I have just set up my own local cloud on a Raspberry Pi 2 Model B V1.1. It was not easy, but now I have the cloud working!
The main reason behind the local cloud is because I need to use the sparks in a building without network access. But also to improve speed.
I was a bit disappointed when I detected that the time from that I send
Is this normal? How can I debug this slow call? What can be wrong?
I’m using the spark core 1.0, with the Tinker software.
The server is running Raspbian Jessie, kernel: Linux raspberrypi 4.4.38-v7+ armv7l GNU/Linux
node is v6.9.4
spark-server from https://github.com/spark/spark-server (not updated in 2 years?)
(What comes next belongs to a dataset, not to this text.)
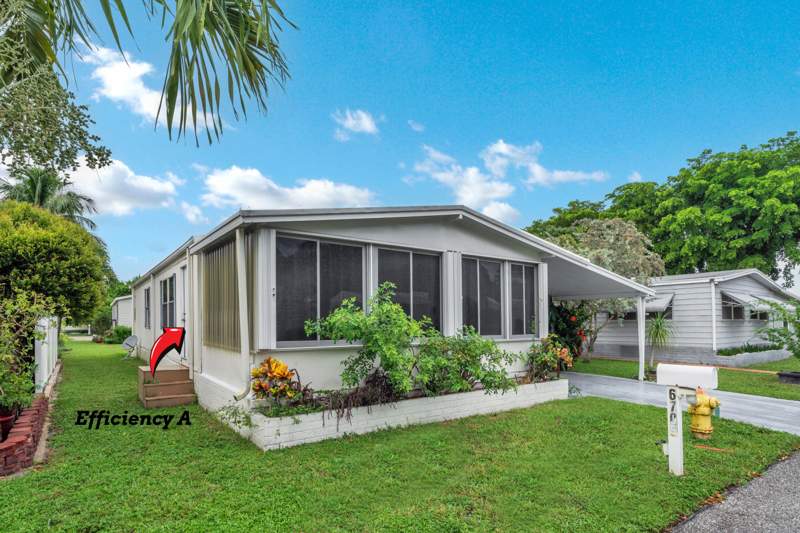 3 bedroom Mobile Home at 6705 NW 29th Court, Coral Cay Plantation, Margate — photo 5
I’d suspect a big chunck of these 5sec is the time used by CLI to just issue the call.
You could use a more direct aproach to issue that call (e.g. curl)
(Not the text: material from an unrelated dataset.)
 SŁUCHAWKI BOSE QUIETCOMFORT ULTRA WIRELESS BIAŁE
I’d agree with @ScruffR here, if you’re running the CLI on the Pi, then you’re starting a new NodeJS process each time. Node tends to have a long spin-up time, but then is fairly performant once it’s running. Try a smaller app for testing, like curl ( https://docs.particle.io/reference/api/#call-a-function ), which might be more optimized on the pi.
Wow! Thanks @ScruffR and @Dave, with Curl it is instant! No apparent delay at all!
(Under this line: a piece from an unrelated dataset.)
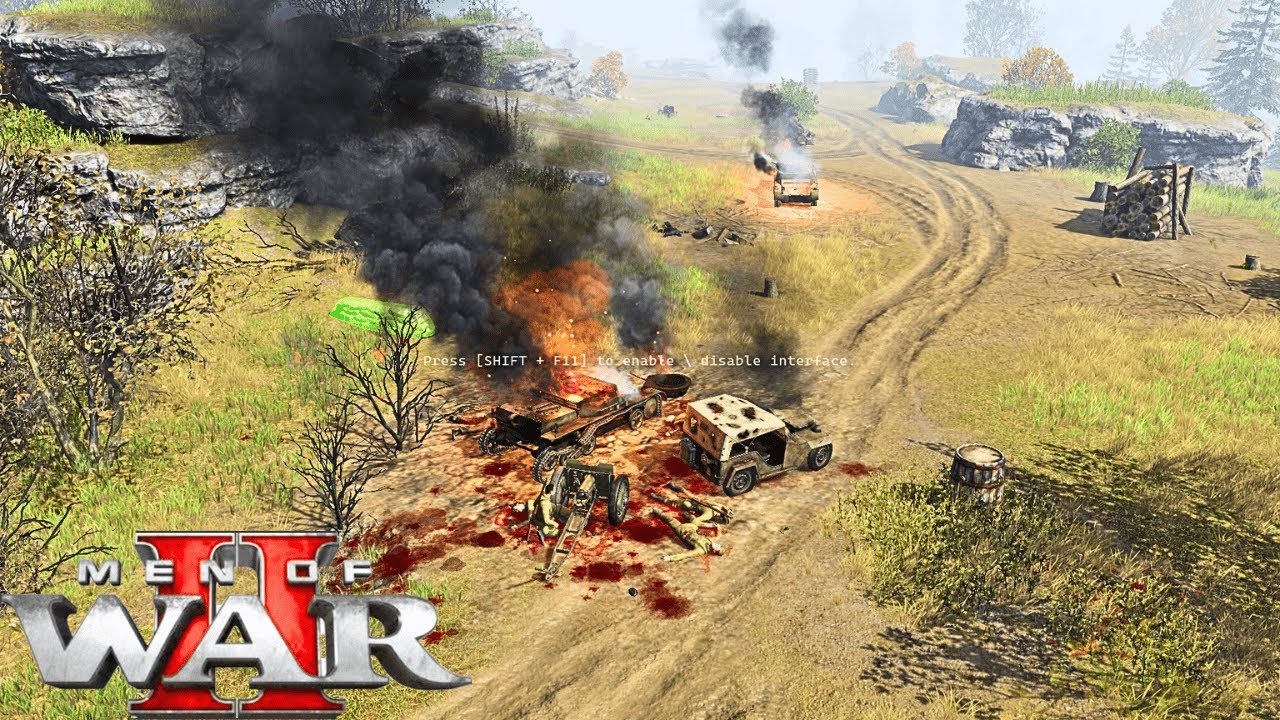 EASTERN FRONT, USSR MISSION 1(Nameless Height) || MEN OF WAR 2 || Gameplay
So the delay of 5 second is expected with the particle-cli running on a pi? Not a big problem when I could use curl instead, but would it be possible to spinning up node in the background and just using particle against it?
Nice! Glad that helped! You could certainly write a persistent app with an SDK (or just HTTP requests) to run more quickly than a fresh node invocation each time, but I also wonder if your Node installation is optimized to the OS / board you’re running on? It’s possible someone has a version of node for it that’s faster?
Also I imagine as more modules and functionality have been baked into the CLI, the warmup speed might have slowed a bit over time. So that’s something we might also want to optimize over the long-term for the CLI.